Police raided the opposition party's headquarters and took away about 60 people Monday, a spokesman said, a day after the party's presidential candidate withdrew from a runoff against longtime leader Robert Mugabe.

Meanwhile, a senior member of the Movement for Democratic Change told The Associated Press that while Morgan Tsvangirai has pulled out of the runoff set for Friday, the party hopes a free and fair vote can be held later.

Most of the people taken away on Monday were women and children who had fled state-sponsored political violence and sought refuge at the Movement for Democratic Change offices, spokesman Nelson Chamisa said.

"Our offices have been raided," Chamisa said, adding that police seized computers and furniture.

Attempts to reach the police spokesman were not immediately successful.

After a similar raid in April, police detained scores of people they accused of being responsible for postelection violence who were later released.

In announcing his withdrawal from the runoff, Tsvangirai said Sunday that harassment and violence against his supporters had made the balloting impossible. The government has said the vote will go ahead.

Roy Bennett, who is treasurer of Tsvangirai's party, told The Associated Press in Johannesburg, South Africa that the party was not turning its back completely on elections.

He called on the Southern African Development Community and the African Union to launch negotiations aimed at bringing members of the opposition and moderate members of Mugabe's ZANU-PF party together in a transitional authority that would create conditions for free and fair presidential voting.

"We honestly believe that we will move forward to a new round" of elections, Bennett said.

He said Mugabe would not be welcome on the transitional authority or in a future government.

"He's ruled for 28 years. It's time he passed the baton on to someone else," Bennett said. "Even in a transitional government we don't see any role for him at all."

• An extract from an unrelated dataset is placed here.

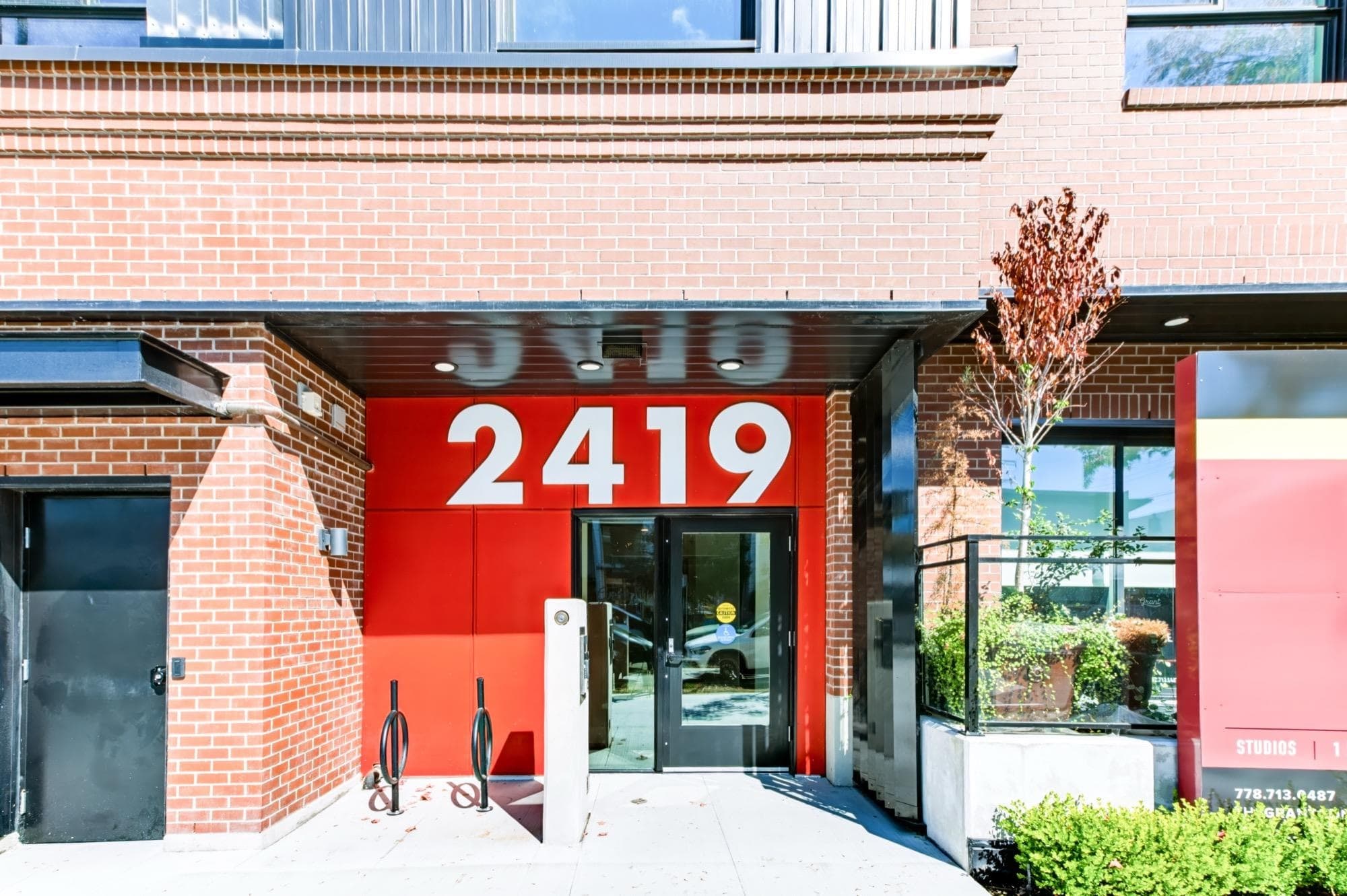 406 - 2419 Grant Street, Vancouver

The issue of Mugabe's role is believed to have derailed previous attempts to resolve the crisis by creating a coalition government. But Bennett said ZANU-PF would have to yield now in the face of growing international pressure.

ZANU-PF, he said, risked being "totally isolated and totally rejected by the African countries as well as the world at large."

Mugabe was lauded early in his rule for campaigning for racial reconciliation. But in recent years, he has been accused of ruining the economy and holding onto power through fraud and intimidation.

People are going hungry in what was once the region's breadbasket, with the world's highest inflation rate putting staples out of reach.

The economic slide has been blamed on the collapse of the key agriculture sector after often-violent seizures of farmland from whites. Mugabe claimed he ordered the seizures, begun in 2002, to benefit poor blacks. But many of the farms instead went to his loyalists.